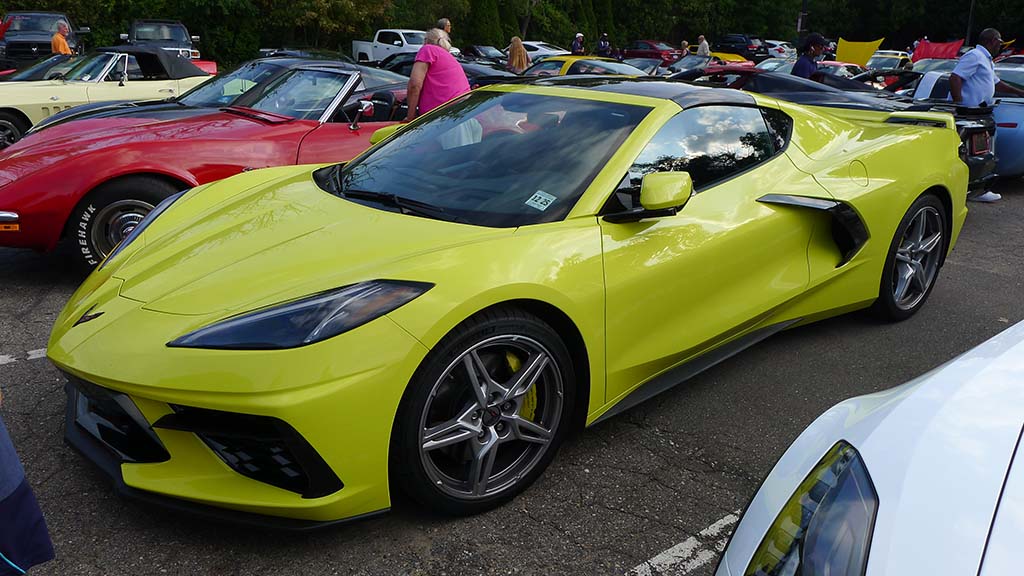 2021 Corvettes on Woodward
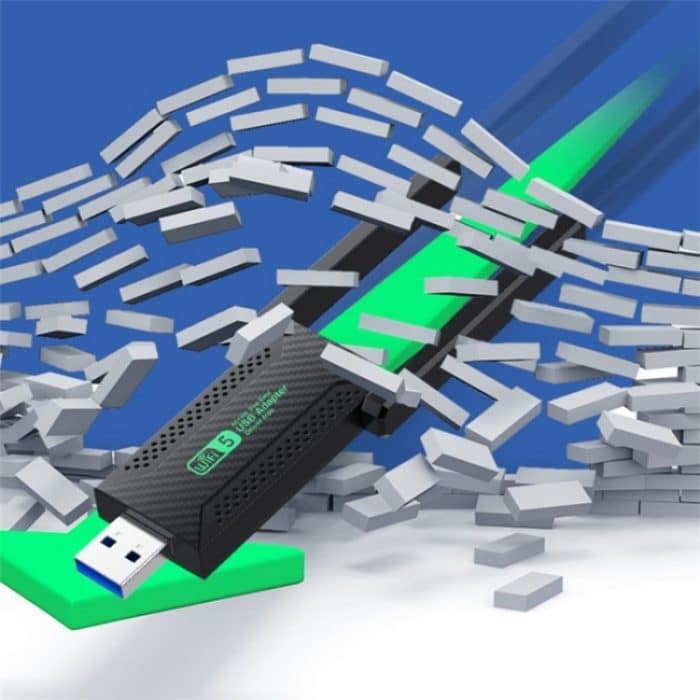 ZT02 Für Desktop-PC Laptop Dual Band Treiberfreier USB3.0 5G 1200Mbps WiFi Wireless Adapter – Bild 4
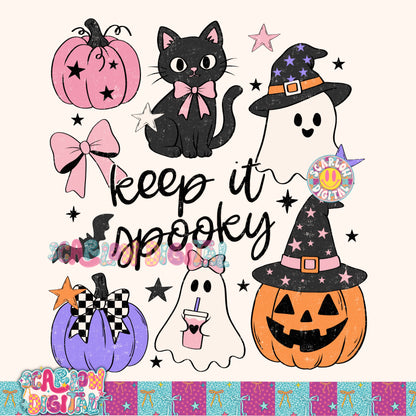 Keep it Spooky PNG Digital Design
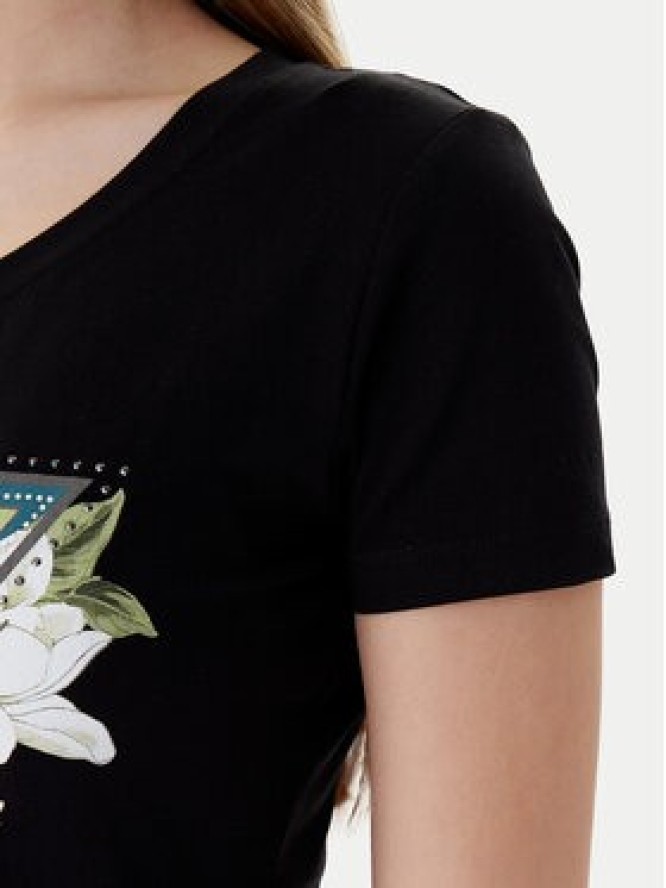 Guess T-Shirt W6RI35 J1314 Czarny Slim Fit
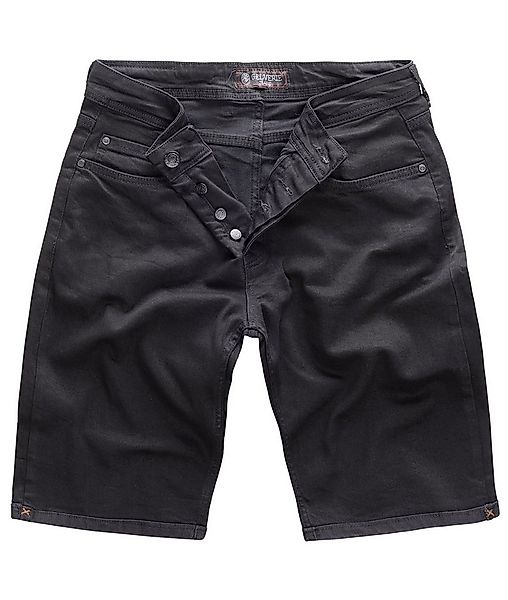 Gelverie Jeansshorts Herren Jeansshorts Stonewashed Schwarz G-303 günstig online kaufen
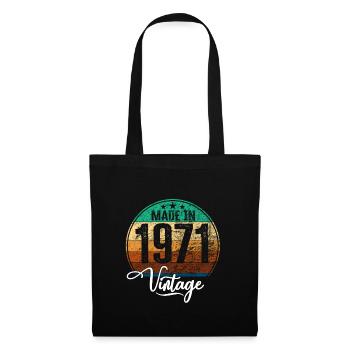 Vintage Made in 1971 Year of birth 1971 Birthday - Tote Bag - black - Front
━━━━━━━━━━
→ **WORK REQUIRED**: Extract the full listing above verbatim; pictures are to be left out of the copy.

→ **RESPONSE BELOW**:
 2021 Corvettes on Woodward
 ZT02 Für Desktop-PC Laptop Dual Band Treiberfreier USB3.0 5G 1200Mbps WiFi Wireless Adapter – Bild 4
 Keep it Spooky PNG Digital Design
 Guess T-Shirt W6RI35 J1314 Czarny Slim Fit
 Gelverie Jeansshorts Herren Jeansshorts Stonewashed Schwarz G-303 günstig online kaufen
 Vintage Made in 1971 Year of birth 1971 Birthday - Tote Bag - black - Front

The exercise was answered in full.